# Corvair Ring and Pinion Gear Set



## racecar builder (Sep 19, 2019)

Is it possible for these to be made in a small machine shop?

The goal is a set that reverses direction of rotation.

That enables mid engine build with Corvair drive train.

Last time Richmond Gear ran some off they only made 100 sets and they are all gone.

Thanks!


----------



## Latinrascalrg1 (Sep 19, 2019)

Absolutely!  So long as you have deep enough pockets just about  Anything is possible.


----------



## racecar builder (Sep 19, 2019)

'Absolutely! '

Great!

Noticed you said something about lots of money also.That part does not sound so good.

Looking into two alternatives.

Removing material inside the differential case and putting ring gear on other side of pinion.

The backup idea is running transmission and differential upside down.

That involves slicing bellhousing and welding it back together with one part rotated 180 degrees.

There is one more alternative. Have to find out if straight cut ring and pinion will reverse what it

is in there now.

Straight cut ring and pinion may be a little more reasonable price.


----------



## Latinrascalrg1 (Sep 19, 2019)

There is one thing that im positive about.........you got lots of work ahead of you and I wish you all the luck amd will be interested in your progress.


----------



## racecar builder (Sep 19, 2019)

'I wish you all the luck'

Thanks!

Ouiji board says go the bellhousing route. Run the differential/transmission upside down.

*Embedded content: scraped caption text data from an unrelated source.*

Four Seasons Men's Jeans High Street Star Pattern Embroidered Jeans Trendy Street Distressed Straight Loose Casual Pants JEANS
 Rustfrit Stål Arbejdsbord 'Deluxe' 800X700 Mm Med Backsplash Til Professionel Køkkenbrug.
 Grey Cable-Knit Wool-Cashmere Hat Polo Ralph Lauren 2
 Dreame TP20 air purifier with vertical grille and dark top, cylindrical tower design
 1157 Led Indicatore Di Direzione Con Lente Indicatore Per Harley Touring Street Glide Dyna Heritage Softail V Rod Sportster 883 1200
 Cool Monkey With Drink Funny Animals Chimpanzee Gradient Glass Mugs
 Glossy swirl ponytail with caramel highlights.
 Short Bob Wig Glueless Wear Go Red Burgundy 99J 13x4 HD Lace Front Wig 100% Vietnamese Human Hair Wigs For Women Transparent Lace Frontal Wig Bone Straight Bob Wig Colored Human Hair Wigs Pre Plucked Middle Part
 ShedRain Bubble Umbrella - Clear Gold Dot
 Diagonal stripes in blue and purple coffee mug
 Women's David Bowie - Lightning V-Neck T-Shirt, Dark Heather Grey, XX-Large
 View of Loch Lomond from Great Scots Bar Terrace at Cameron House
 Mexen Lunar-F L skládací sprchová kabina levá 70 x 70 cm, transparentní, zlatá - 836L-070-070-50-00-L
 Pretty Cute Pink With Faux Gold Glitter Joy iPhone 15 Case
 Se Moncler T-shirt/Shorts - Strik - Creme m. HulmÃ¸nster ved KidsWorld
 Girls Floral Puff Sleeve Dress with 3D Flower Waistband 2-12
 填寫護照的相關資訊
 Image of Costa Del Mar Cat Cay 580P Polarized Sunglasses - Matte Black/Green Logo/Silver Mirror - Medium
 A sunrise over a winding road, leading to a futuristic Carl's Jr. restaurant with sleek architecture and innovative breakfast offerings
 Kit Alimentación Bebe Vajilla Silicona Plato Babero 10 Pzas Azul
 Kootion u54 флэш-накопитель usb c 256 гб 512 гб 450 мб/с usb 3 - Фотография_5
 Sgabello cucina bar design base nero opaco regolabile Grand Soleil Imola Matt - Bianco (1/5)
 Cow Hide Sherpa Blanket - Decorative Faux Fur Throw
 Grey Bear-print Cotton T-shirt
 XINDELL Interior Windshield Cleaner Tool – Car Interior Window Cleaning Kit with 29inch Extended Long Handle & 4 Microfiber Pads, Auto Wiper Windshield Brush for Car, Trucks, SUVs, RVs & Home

Talked to a Southern California Corvair aficianado and he said he has seen two of them in 30 years of hobby.

One in a V8 conversion and another in a motorcycle Corvair engined.

So we will go for it.

Reworking the bellhousing is more within our experience than other options.


----------



## john.k (Sep 19, 2019)

You would need two Gleason machines.....one for the ring,one for the pinion.(at least),then ideally shaving and grinding machines,not to mention a differential quench (different oil temp for different areas of the tooth)..........straight bevels.(assuming you arent hypoid),would be very noisy,even if cut in a correct machine,and the weak too,if increased power is the goal.........crawler tractors with straight bevels always broke teeth......even with slightly curved teeth...........however ,can you flop over the ring ,to the opposite side......some tractors did this to get rear end loaders etc..


----------



## racecar builder (Sep 19, 2019)

'straight bevels.(assuming you arent hypoid),would be very noisy'

We would be okay with them but they would not be good for road racing or regular highway use.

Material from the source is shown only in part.